From 2010 to 2012 she operated continuously on the Hurtigruten coastal service. In March 2012, she was withdrawn from the coastal service, and was replaced by MS Finnmarken, which came back in Hurtigruten service after it was in Australia. Hurtigruten was using her for Svalbard cruises in the summer of 2012.

In November 2012, the ship was bought by Vestland Rederi AS. In connection with the sale, she was protected as a national heritage by the Norwegian Directorate for Cultural Heritage (Riksantikvaren). Nordstjernens new home port is Bergen, as it was with her original owner Bergen Steamship Company (Det Bergenske Dampskibsselskab, BDS). From the end of 2012 to July 2013, she underwent an extensive restoration in Gdańsk, Poland, which was subsidized with 2.5 million NOK by Riksantikvaren. After coming back to Norway and taking part in the Fjordsteam festival in Bergen in the first days of August 2013, the new owner intends to market her as a hotel ship and for charter cruises.

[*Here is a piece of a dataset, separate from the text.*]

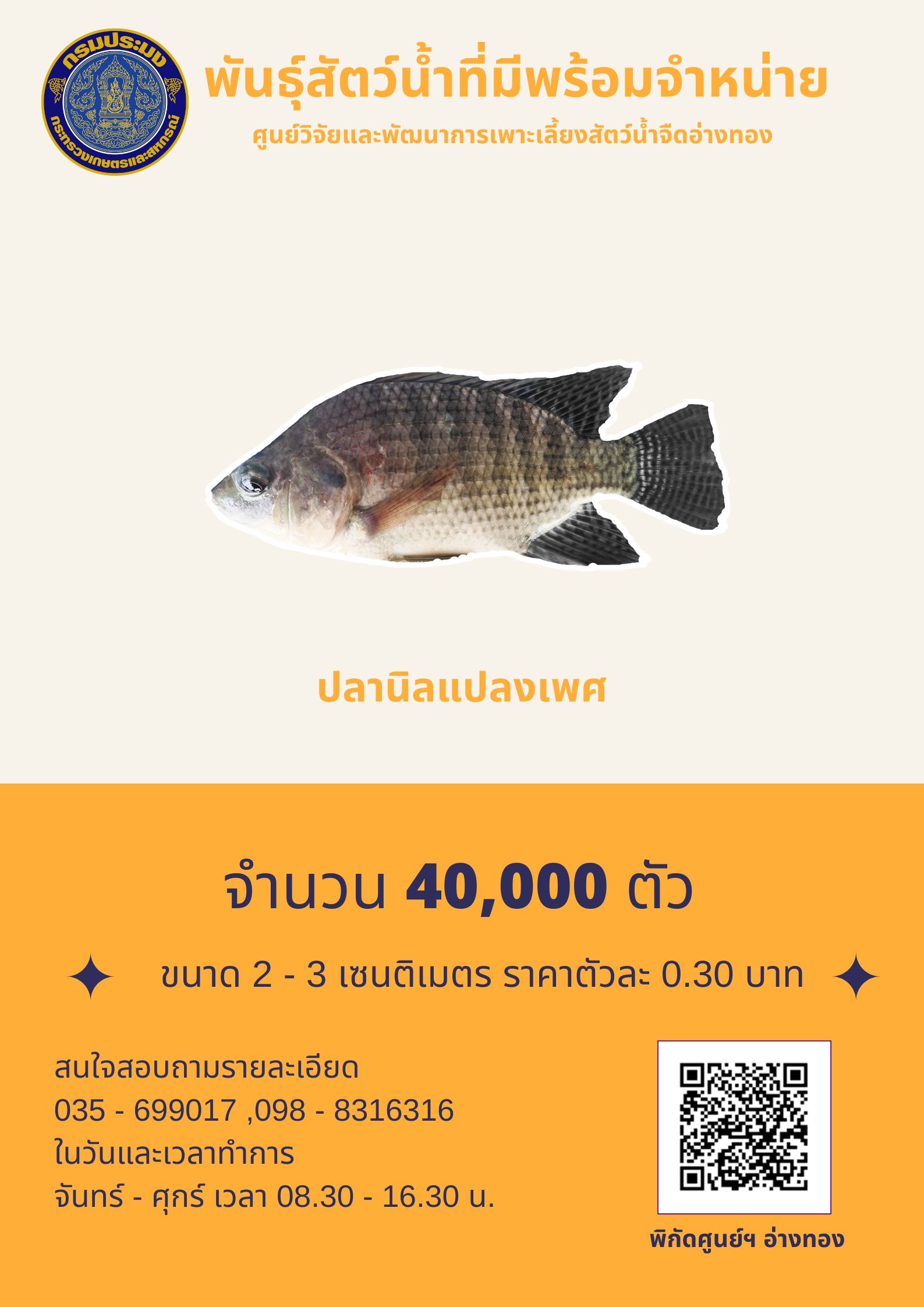 ลูกพันธุ์ปลานิลแปลงเพศ พร้อมจำหน่าย..คลิก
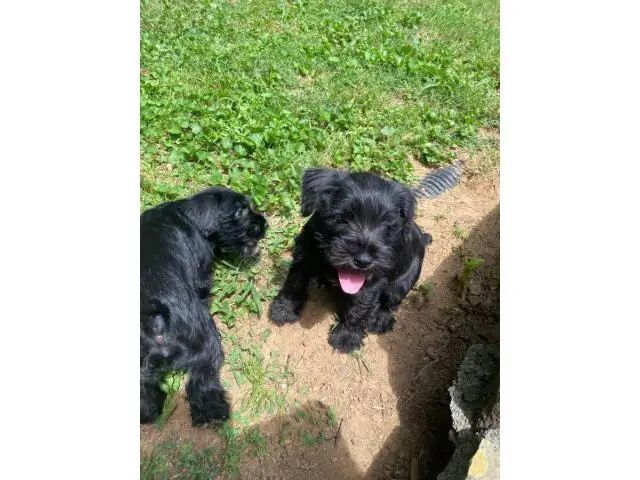 3 male Mini Schnauzer puppies for sale - 1/8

Finally she left Gdańsk on 9 November 2013. On her way back to Norway, she ran aground in the Karmsund strait on 11 November 2013. There was damage to the ship which was repaired at a dockyard in Ølensvåg, and at the end of January 2014, Nordstjernen left the dockyard. Since 2015, Hurtigruten has chartered the ship they formerly owned each summer and operated it again for Svalbard cruises. From 2025, this is no longer possible as the open lifeboats are no longer permitted in the Norwegian Arctic and a replacement of these lifeboats is not allowed due to the ship's protected heritage status. Hurtigruten Svalbard will use Serenissima, the former Harald Jarl, now also owned by the Vestland company, for these cruises.